Samenhangende zaken zijn door een of meer belanghebbenden gemaakte bezwaren of ingestelde beroepen, die door het bestuursorgaan of de bestuursrechter gelijktijdig of nagenoeg gelijktijdig zijn behandeld, waarin rechtsbijstand (…) is verleend door dezelfde persoon (…) van wie de werkzaamheden in elk van de zaken nagenoeg identiek konden zijn (artikel 3, lid 2 van het Bpb).
In geschil is of voor de berekening van de proceskostenvergoeding sprake is van samenhangende zaken.
In het bestreden besluit heeft de officier van justitie gesteld dat dat het geval is en heeft een opsomming gegeven van zaken/parketnummers, die samenhangend zouden zijn met de onderhavige zaak. Die opsomming vormt, naar het oordeel van de kantonrechter, niet een onderbouwing van de stelling dat sprake is van samenhangende zaken, nu daaruit niet blijkt of in al die zaken dezelfde gemachtigde is opgetreden, wanneer die beroepschriften zijn ingediend, wanneer deze door de officier van justitie zijn behandeld en evenmin of de werkzaamheden van de gemachtigde in die zaken nagenoeg identiek zijn geweest aan de werkzaamheden in onderhavige zaak.
Het ter zitting door de officier van justitie overgelegde overzicht geeft weliswaar iets meer informatie maar vormt evenmin een dergelijke onderbouwing. Uit dat overzicht blijkt niet dat de beroepen tegen de initiële boetes op hetzelfde moment zijn ingediend, de gronden in de beroepschriften nagenoeg identiek zijn en dus ook niet dat de werkzaamheden van de gemachtigde in de onderhavige zaak nagenoeg identiek zijn aan de werkzaamheden die hij heeft uitgevoerd in de in de opsomming genoemde zaken.
Het enkele feit dat de gemachtigde -zoals de vertegenwoordiger heeft aangevoerd- gebruik maakt van standaardmotiveringen, maakt niet dat sprake is van samenhangende zaken. De beroepen bij de officier van justitie zijn op verschillende momenten (en dus niet gelijktijdig) ingediend. Zoals gemachtigde heeft aangevoerd gaat het om verschillende dossiers waarin om uiteenlopende redenen boetes zijn opgelegd en beroepen zijn ingesteld en waarin hij in iedere individuele zaak het dossier heeft moeten bestuderen en een cliëntgesprek heeft moeten voeren.

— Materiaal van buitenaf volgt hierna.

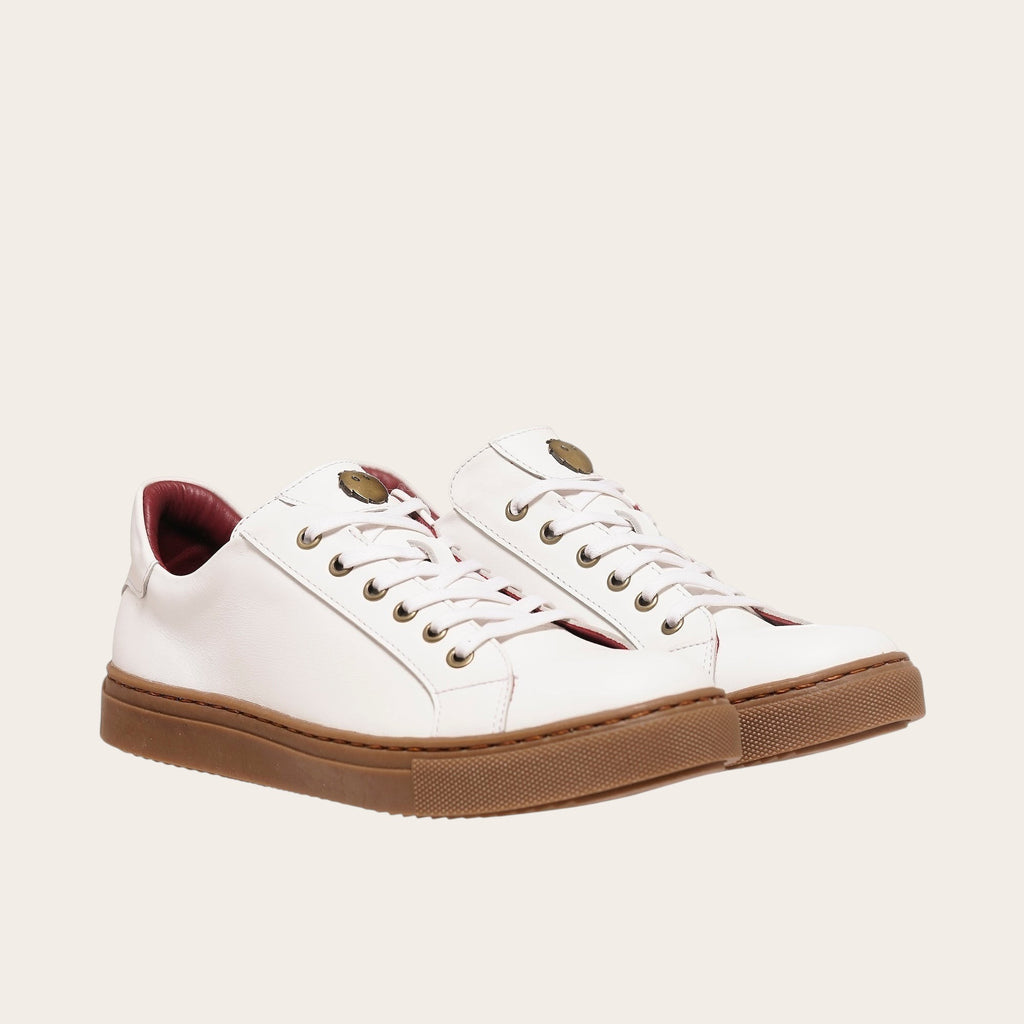 Zapatilla blanca de cuero de vacuno de OLKI con planta de caucho marrón y forro guinda. Diseño clásico con cordones.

Uitgaande van het vorenstaande had de vertegenwoordiger van de officier dan ook niet tot de conclusie kunnen komen dat sprake is van samenhangende zaken in de zin van artikel 3, lid 2 van het Bpb.
De kantonrechter is gezien het bovenstaande van oordeel dat er voldoende aanleiding bestaat om het beroep gegrond te verklaren. De bestreden beslissing dient te worden vernietigd. Dat is aanleiding om aan betrokkene een proceskostenvergoeding toe te kennen.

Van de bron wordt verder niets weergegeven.